How Political Polls Work And Which Ones Actually Matter
With election season in full swing, we're being assaulted with numerous poll numbers -- which one should you pay attention to?
The two best-known polls, Ipsos and The Australian's Newspoll, survey 1600 and 1200 people respectively for their regularly published surveys.
Each company has its own methods of choosing respondents and administering their questions, and back their results as an accurate snapshot of the nation's mood -- but there are other polls and numbers out there which aren't as useful.
Newspoll: Online surveys and automated 'robocalls'
"Newspoll has the benefit of regularity, giving the pulse of the nation, generally on a fortnightly basis," David Briggs from You Gov Galaxy, which administers the Newspoll, told 10 daily.
He said Newspoll uses a mixture of online polling and 'robocalls' to landlines and mobiles to get results.
"We need a good cross-section of the population. Online gives you that, as people can complete surveys when it's convenient for them."
He said Newspoll has never called an election wrong.
Ipsos: Human beings dial randomly-generated numbers
Ipsos director Jessica Elgood said her poll was "a higher quality" than others due to their methodology of contacting respondents.
Ipsos checks the demographic status of each person after the call, and keeps calling until they get a representative sample.
"If you pick up the phone, and it's a robocall, a lot of people hang up straight away," Elgood told 10 daily.
"So the mix of people [with robocalling] is not typical, despite the aim being to get the most typical bunch of Australians as possible."
How similar are they?
The two companies often have nearly identical results, but they can occasionally produce something different to one another.
The latest Newspoll has Labor leading the two-party preferred over the Coalition 52-48, while Ipsos has 53-47.
But back in November, Ipsos had Labor at 52, with Newspoll at 55.
Newspoll and Ipsos both say they have a margin of error of roughly three percent -- meaning that, if a party's numbers change just one or two points between surveys, that should be taken with a grain of salt.
"We love to look at polls to see a few points difference, but reality is that it's often within the margin of error," Elgood said.
Polling Ins and Outs
William Bowe, editor of Australian electoral studies blog The Poll Bludger, explained the basic principals of polling:
"If you get about 2000 people out of even a very large population, you can get a margin of error of about two percent," Bowe said.
"With the basic mathematical theory of random sampling, then there's a 95 percent chance you'll get a result within two percent of the actual public opinion."

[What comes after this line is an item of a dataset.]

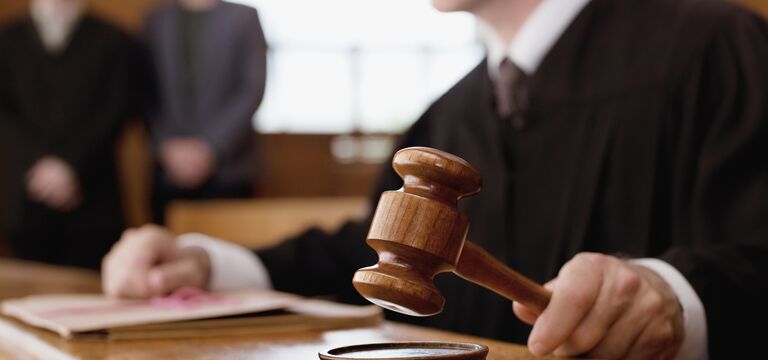 /bynder-asset/bynder:70124321-3FAD-4458-BADC84C8FC0F39B1/Landscape_MD/COLOUR-IMAGE_male-judge-holding-gavel_feb26.jpg?1773752970000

The polls must be representative of the demographics of Australia -- age, gender, socioeconomic status, location -- so that the results can be extrapolated.
"A real opinion poll must make a conscientious effort that represents a random sampling of the population," Bowe said.
The Polls To Take With A Grain Of Salt
Bowe said polls on social media are the ones to definitely take with a grain of salt. He also advised to largely ignore any polls commissioned by an interest group on specific topics, or polls on social media.
"Seat polls don't perform as well as national polls," Bowe said.
With lots of polling still to come in the next four weeks of the campaign, it pays to check the source of the poll, to look at the size of the sample, and look into what methodology has been used.
"I would look at any polls commissioned by an interest group, and ignore it," Bowe said.
"Questions will be asked to load into a press release to turn into a news story favourable to their point of view. I wouldn't pay attention to polls commissioned by a group with skin in the game."
Life Beyond Polls
Bowe, despite his work focusing on polling, said there is sometimes far too much focus given to them. He said politicians pay too much attention to poll and "lose their nerve in the face of them".
"We'd probably be healthier if we paid less attention and regarded polls as mildly interesting... governments need to behave as if there isn't an election on the weekend. They shouldn't be taken all that seriously."